Fustigada por um câncer que aos poucos consome sua vida, Deborah Hall tem fé de que vai se curar. Casada com Ron, famoso negociante de obras de arte, ela deseja que o marido se torne amigo de Denver, um mendigo violento, cujo passado remonta a episódios de abuso e exploração. Como nunca deixou de amar a mulher e quer conservar seu casamento, Ron tenta se aproximar de Denver. Contudo, as ilusões românticas de Deborah podem transtornar sua vida.

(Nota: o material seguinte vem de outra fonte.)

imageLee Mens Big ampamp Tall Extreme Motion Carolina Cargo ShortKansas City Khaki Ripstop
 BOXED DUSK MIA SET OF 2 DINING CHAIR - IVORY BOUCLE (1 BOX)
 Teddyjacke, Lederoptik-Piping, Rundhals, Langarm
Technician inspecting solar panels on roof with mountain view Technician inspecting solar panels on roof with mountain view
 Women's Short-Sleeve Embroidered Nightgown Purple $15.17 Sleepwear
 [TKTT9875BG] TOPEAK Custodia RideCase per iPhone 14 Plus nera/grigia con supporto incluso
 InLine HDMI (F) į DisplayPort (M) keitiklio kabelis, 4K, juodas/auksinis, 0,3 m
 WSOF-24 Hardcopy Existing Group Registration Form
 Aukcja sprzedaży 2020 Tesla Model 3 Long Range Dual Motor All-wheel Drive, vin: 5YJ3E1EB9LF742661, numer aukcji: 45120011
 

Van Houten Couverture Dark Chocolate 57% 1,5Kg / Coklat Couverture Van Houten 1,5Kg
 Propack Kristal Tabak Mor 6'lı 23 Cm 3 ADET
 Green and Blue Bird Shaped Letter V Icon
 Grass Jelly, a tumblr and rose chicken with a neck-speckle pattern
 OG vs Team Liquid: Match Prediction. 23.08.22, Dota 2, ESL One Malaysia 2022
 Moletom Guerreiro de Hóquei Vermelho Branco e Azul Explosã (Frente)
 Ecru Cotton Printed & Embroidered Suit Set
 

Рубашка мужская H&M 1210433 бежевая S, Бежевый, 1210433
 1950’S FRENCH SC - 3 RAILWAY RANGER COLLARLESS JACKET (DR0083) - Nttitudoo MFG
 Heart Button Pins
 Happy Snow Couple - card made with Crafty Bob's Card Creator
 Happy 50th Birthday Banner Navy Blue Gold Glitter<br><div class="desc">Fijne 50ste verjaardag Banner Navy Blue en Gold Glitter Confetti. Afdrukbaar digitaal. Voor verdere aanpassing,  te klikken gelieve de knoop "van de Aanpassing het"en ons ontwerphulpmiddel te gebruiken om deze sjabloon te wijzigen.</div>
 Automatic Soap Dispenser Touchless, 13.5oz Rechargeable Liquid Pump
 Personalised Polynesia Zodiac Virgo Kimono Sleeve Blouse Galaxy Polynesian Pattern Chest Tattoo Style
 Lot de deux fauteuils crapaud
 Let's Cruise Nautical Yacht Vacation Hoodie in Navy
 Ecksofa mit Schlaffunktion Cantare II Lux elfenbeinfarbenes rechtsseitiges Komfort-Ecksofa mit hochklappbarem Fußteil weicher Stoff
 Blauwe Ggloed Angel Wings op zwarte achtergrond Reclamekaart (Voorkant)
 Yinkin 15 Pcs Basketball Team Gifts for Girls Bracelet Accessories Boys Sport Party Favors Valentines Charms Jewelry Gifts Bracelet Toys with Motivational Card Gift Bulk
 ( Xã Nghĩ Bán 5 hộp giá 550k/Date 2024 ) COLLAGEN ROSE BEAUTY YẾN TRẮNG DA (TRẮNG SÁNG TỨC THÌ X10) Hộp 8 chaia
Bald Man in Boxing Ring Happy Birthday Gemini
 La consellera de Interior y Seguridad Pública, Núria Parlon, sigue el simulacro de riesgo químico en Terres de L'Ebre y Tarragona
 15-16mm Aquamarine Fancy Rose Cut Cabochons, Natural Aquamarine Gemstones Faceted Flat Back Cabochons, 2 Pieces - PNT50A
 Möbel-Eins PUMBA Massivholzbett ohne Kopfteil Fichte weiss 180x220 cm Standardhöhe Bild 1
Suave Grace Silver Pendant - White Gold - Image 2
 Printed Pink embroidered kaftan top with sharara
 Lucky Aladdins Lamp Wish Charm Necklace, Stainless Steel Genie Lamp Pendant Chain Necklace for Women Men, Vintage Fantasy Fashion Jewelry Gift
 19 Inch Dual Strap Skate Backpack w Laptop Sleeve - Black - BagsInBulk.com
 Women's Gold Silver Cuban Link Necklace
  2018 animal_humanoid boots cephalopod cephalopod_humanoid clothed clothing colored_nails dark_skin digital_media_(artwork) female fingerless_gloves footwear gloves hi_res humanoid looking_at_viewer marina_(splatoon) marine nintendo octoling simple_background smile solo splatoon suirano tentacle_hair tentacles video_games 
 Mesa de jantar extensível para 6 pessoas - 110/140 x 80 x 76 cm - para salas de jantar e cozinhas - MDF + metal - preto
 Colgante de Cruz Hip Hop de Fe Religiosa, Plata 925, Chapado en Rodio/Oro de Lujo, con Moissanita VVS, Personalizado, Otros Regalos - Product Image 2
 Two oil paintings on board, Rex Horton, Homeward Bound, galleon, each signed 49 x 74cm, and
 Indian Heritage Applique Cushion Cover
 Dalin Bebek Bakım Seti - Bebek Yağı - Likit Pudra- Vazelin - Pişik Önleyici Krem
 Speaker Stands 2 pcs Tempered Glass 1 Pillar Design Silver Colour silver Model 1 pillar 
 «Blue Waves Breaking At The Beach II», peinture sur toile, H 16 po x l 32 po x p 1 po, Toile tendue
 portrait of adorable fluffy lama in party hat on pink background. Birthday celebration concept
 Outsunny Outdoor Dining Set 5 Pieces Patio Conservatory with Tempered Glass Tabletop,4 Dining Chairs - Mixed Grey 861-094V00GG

Howard, bem-sucedido publicitário nova-iorquino, não se conforma com a morte da filha e aos poucos se entrega à mais dilacerante forma de desespero. Apático, incapaz de reagir a qualquer estímulo, não vê mais graça em partilhar da companhia de Will, Simon e Claire, seus melhores amigos. Seu único alento é escrever cartas, destinadas ao Amor, ao Tempo e à Morte, por meio das quais consegue algum respiro conforme se libera para desabafar. À medida que se dedica ao passatempo que lhe permite continuar a viver, Howard sufoca a tristeza titânica que se abateu sobre ele e, quando menos espera, passa a ser visitado por seus interlocutores imaginários, encarnados em pessoas. Desse diálogo, lhe surge o entendimento acerca da beleza escondida por trás de cada sentimento humano — mesmo os mais avassaladores.